In the wake of Mother Jones‘s recent Fiji Water expose that tackled the company’s indifference to the country’s military junta and the surrounding communities’ dire lack of clean drinking water, we received many letters. One in particular caught our attention. In 2007 Mary Ackley, then a graduate student at the University of Vermont, was doing research on the Vatukoula gold mine in Fiji when she saw yet another piece of the story.
On one of Ackley’s trips to visit the Vatukoula mine, located about 18 miles from Fiji Water’s bottling plant, she saw makeshift fences made of oversized spools of Fiji Water labels. Then she saw huge plumes of smoke rising from the local dump.
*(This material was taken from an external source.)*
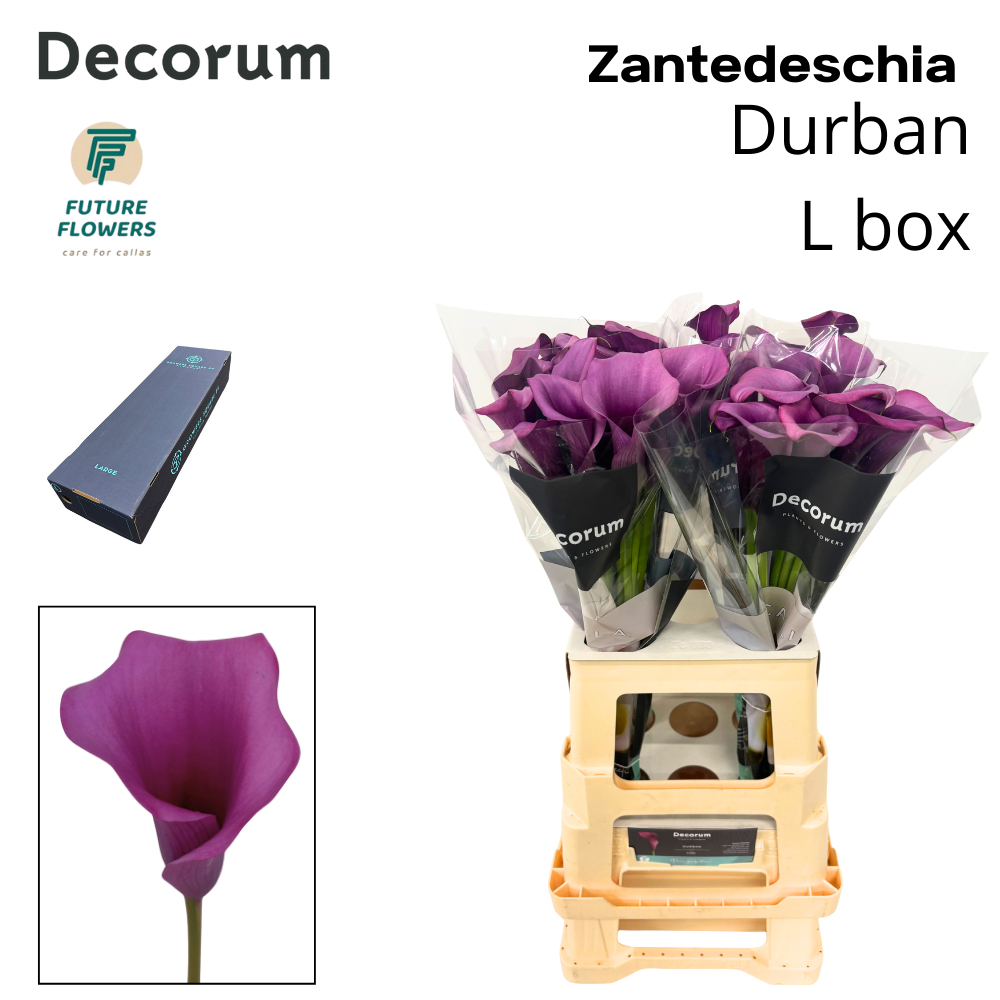 Zant Durban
When Ackley looked closer she noticed piles of discarded Fiji Water bottles, reels of company labels, and plastic pellets used to make the bottles. It looked like too much trash to be generated by the small town, so Ackley started asking around. Sure enough, residents who lived next to the dump said they had seen Fiji Water trucks pass by three or four times a week since about 1996, when the company first started operations.
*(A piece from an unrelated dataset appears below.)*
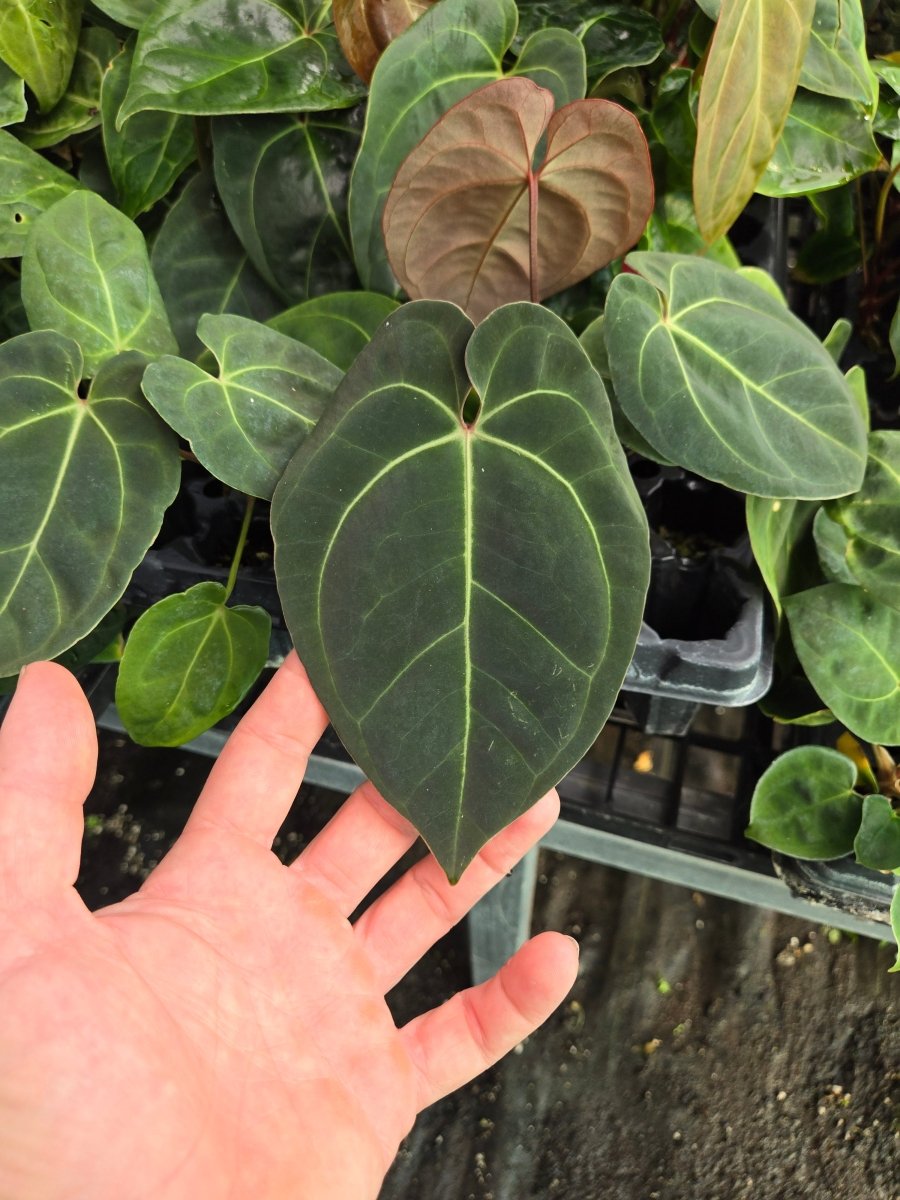 Anthurium 'Hoffmannii X' x open (A24) - Nice Plants Good Pots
But that was back in 2007. Last year, Fiji Water representative Rob Six told Ackley in a written letter that the company had been phasing out the use of the dump since June 2007. Apparently, as of last fall, the company stopped burning trash there all together. Nevertheless, asthma rates in Vatukoula are through the roof—which the community told Ackley is likely a result of gold mining operations, as well as carcinogens released by constantly smoldering Fiji Water trash over the past decade. Ackley’s surveys showed that the number one concern in the community was respiratory problems caused by airborne carcinogens. It remains to be seen how Fiji Green will address the damage done.
This year Ackley and filmmaker Kristian Maynard released a short documentary in which they narrate their discovery of the Vatukoula dump and explore the gold mining’s horrific effects on Fijian health. Last weekend, it won an award at the Yosemite International Film Festival. Check out the clip below.
Update: Laura Kiesel has a story in Z Magazine this month about Fiji Water’s incineration of its plastic waste at the Vatukoula dump. When Kiesel asked company spokesperson Rob Six about the practices, he told her that as of last year, Fiji Water now recycles everything. Yet he didn’t respond to her questions about the damage already done to the community’s air and water quality. In a lame attempt to distance Fiji Water from the gnarly practices, Six stressed that they weren’t the ones who did the burning, even if they knew about it. Fiji Water had contracted Tavua Plant Hire company to dispose of the waste, and it was Tuvua that paid the mining company that owns the dump in order to do the burning. Click here for the PDF.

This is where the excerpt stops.